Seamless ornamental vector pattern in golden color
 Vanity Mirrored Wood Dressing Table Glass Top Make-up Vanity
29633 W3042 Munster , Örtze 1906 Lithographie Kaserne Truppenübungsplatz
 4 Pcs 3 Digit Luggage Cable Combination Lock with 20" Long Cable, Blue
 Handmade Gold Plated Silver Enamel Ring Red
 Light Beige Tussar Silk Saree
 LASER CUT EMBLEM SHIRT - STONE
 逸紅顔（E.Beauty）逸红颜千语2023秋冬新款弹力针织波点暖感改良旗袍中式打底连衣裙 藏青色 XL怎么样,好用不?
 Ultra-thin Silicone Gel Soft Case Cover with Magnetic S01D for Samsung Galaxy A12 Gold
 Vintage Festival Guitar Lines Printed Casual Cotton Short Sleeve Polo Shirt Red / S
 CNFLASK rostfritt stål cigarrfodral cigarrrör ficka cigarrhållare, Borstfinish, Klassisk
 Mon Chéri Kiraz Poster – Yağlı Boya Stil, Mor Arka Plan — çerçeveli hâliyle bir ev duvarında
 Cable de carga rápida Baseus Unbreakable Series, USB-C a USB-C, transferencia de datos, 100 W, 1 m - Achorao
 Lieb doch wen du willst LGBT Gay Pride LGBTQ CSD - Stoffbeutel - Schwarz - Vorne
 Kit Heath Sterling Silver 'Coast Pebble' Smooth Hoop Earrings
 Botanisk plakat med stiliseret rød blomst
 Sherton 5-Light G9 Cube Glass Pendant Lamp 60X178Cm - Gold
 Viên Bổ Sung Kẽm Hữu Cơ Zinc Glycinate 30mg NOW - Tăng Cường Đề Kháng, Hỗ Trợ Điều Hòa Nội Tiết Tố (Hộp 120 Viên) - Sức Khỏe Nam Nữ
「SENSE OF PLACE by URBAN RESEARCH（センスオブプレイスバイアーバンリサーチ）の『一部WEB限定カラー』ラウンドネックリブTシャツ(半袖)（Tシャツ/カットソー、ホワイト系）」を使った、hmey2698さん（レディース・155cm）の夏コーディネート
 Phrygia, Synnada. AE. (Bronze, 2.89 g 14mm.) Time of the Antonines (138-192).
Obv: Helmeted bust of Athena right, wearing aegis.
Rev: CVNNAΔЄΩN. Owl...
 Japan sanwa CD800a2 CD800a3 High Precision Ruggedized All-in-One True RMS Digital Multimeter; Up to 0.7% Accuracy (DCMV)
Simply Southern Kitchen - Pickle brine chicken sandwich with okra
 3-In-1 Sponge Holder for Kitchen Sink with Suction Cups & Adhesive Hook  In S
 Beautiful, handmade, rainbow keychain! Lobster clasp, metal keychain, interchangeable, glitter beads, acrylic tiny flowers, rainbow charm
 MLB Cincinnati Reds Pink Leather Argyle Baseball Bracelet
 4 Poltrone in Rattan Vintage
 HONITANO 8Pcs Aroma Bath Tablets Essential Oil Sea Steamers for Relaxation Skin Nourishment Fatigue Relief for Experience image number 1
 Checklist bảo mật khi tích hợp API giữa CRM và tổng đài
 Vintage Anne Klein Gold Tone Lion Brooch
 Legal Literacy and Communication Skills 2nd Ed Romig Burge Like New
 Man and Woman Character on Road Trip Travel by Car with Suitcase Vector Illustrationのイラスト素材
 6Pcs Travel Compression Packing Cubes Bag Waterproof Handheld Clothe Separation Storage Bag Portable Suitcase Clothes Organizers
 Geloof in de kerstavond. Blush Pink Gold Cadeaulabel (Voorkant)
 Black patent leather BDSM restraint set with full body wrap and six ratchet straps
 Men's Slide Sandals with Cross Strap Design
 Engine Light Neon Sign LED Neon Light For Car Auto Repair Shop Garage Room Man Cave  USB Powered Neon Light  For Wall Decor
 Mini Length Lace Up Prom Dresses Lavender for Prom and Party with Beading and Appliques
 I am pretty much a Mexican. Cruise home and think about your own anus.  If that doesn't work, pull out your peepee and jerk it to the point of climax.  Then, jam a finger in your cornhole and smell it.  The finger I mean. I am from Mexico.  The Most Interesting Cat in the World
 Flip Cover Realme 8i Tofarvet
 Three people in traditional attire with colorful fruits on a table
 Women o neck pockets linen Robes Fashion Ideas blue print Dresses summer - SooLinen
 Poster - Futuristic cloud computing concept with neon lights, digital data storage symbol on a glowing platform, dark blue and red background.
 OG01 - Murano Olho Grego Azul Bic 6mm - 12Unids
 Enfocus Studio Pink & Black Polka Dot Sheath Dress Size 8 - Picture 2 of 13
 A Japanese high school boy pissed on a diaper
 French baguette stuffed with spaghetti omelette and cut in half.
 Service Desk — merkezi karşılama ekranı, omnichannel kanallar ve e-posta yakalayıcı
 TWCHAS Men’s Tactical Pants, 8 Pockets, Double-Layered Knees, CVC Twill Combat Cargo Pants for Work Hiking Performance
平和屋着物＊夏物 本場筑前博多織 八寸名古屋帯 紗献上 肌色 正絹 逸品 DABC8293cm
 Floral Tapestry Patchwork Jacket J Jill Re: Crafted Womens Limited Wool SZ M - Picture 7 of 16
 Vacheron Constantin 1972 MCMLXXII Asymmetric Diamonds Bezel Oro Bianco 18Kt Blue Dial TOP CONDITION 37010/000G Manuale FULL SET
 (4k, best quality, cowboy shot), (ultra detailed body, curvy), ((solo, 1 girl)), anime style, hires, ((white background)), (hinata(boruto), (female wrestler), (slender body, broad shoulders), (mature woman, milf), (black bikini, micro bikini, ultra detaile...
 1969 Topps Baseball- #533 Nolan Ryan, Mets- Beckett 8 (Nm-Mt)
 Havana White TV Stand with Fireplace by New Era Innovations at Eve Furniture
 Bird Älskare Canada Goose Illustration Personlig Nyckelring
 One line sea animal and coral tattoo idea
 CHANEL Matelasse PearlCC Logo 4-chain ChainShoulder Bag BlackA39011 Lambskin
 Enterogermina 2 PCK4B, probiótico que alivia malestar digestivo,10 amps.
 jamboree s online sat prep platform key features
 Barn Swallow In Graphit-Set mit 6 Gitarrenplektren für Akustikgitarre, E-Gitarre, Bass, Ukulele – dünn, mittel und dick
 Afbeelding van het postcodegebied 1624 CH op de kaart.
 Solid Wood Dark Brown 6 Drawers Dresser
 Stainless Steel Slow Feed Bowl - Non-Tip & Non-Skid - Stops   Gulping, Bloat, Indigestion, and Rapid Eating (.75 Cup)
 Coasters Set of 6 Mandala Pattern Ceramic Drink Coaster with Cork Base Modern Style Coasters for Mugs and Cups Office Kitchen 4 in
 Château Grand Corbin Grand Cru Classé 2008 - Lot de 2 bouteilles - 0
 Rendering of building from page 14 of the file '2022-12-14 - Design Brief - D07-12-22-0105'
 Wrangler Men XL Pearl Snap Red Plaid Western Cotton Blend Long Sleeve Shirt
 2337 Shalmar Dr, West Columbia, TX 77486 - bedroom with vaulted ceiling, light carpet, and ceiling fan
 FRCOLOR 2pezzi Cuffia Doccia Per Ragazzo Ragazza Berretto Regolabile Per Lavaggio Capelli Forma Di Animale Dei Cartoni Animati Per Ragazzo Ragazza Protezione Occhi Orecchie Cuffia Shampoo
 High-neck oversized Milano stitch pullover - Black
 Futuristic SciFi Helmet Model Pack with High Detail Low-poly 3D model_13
========================================================================
- Task to complete: Reproduce, character for character, only the lines of the preceding data that start at the line with "逸紅顔（E.Beauty）逸红颜千语2023秋冬新款弹力针织波点暖感改良旗袍中式打底连衣裙 藏青色 XL怎么样,好用不?" and end at the line with "Vintage Festival Guitar", both included.

- Solved exercise:
 逸紅顔（E.Beauty）逸红颜千语2023秋冬新款弹力针织波点暖感改良旗袍中式打底连衣裙 藏青色 XL怎么样,好用不?
 Ultra-thin Silicone Gel Soft Case Cover with Magnetic S01D for Samsung Galaxy A12 Gold
 Vintage Festival Guitar Lines Printed Casual Cotton Short Sleeve Polo Shirt Red / S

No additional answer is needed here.